You're Never Weird on the Internet (Almost)

I’d better breed and make babies, because I’m getting old and my uterus is drying up like the Sahara.

 

It didn’t make me fun to be around or work with. I needed to take a long break to find myself again, but with Geek & Sundry going a thousand miles per hour, I couldn’t make the train stop even for a second. I was trained to get an A in life from everyone, so I never learned how to take care of myself even if I had a right to.

 

“I’m recovering from an operation, but yes, I can appear in your web series for free! Please like me!”

 

The pressure just got more and more intense, from myself and from the world.
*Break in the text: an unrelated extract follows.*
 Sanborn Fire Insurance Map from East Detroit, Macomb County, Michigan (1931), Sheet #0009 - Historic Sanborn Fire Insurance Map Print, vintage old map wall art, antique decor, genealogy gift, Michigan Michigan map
And in the spring of 2013, a few months after The Guild finished, when I was restructuring the company and still working eighteen hours a day nonstop, my problems got serious.

 

Stress started killing me. Literally.

 

I developed severe panic attacks in the middle of the night. At 4:30 a.m. on the dot, I’d wake up with my heart pounding in my chest, like someone was standing over me with a butcher knife, trying to kill me in my sleep. (There was never anyone there, FYI.) I’d lie there panicking about the show’s end, my business, internet comments, yelling at people in my head until I fretted myself to sleep again. Every night for months.

 

During the day, I became frantic to find a way to validate myself again. I started five different new projects, then abandoned them just as quickly because I couldn’t get them done immediately to show people and get external praise. I became more and more desperate to make Geek & Sundry a bigger success. This put pressure on everyone around me in the company, especially since I started planning ridiculously far ahead, alert to every random disaster scenario possible.

 

“Do we have a backup system in place in triplicate for our videos? What’s going to happen when the big earthquake hits in 2048? Will we have master copies of our web shows in storage?! Commence emergency protocol, go go go!!”

 

My fear of the future became paralyzing. It strained my relationship with Kim, my business partner of six years and probably contributed to her leaving our company, one of my biggest regrets. That ended one of the most wonderful, artistically rewarding relationships of my life.

 

Keep reading, it gets worse!

 

My moods were reliable—in that they were consistently, ABSOLUTELY INSANE. They’d roller coaster so far and fast day to day, hour to hour <happy SAD motivated DEPRESSED angry MANIC!!!>. My warped and anxious state of mind spiraled tighter and tighter, compressing to the point where I lost my memory. Completely, like a character with amnesia in a pulp detective novel. Romantic? Not so much. I literally couldn’t remember things from my childhood, people’s names, even simple things like, “What’s the name of the redhead actor in Harry Potter?” Things I KNEW that I knew! (Rupert Grint, sorry, pal. I’ll never forget you again.) The sheer act of thinking felt like sloughing through thick molasses. I couldn’t trust my own mind anymore, which was the scariest thing I’ve ever experienced. Once, I stared at a plate of food for fifteen minutes, unable to figure out if I liked green beans or not. I honestly couldn’t remember. To be unsure of what you like, what you feel, who you are? Believe me, it’s utterly terrifying.

 

During all of this I continued to appear at conventions and conferences around the world, making speeches and doing panels and signing autographs. Which you’d think would make me feel better. People enjoying my work seems like a nice ego boost? Nope, I dodged those bullets of hope like a pessimist pro! The appearances actually made all my impostor feelings even worse. I would sob before going out to meet people because I felt like such a fraud. I didn’t deserve their compliments. Why do they want to talk about my work? It’s all in the past. Months old. Can’t they see what a worthless piece of crap I am now?

 

In my warped state of mind, I had nothing new to offer my fans and I probably wouldn’t ever again. I deserved to be hated, not loved.

 

These were the worst days of my life.

 

In retrospect, crappy chemicals in my brain were working overtime, driving me to destroy myself, like that thing that makes lemmings throw themselves over a cliff. (That’s actually folklore based on a Disney documentary where the filmmakers in the 1960s flung lemmings over the edge of the cliff for their movie. Horrible. But the video game was awesome, amiright?)

 

 

 

I tried superficial things to control my world, like losing weight, but that just left me gaunt and freezing all the time. I’d lie in bed and feel my bones, aware of how much closer my skeleton was to the sheets. It felt . . . good. In a twisted and perverse and self-destructive way. If I couldn’t control my life, I could control THIS, however bad it was for me in the end.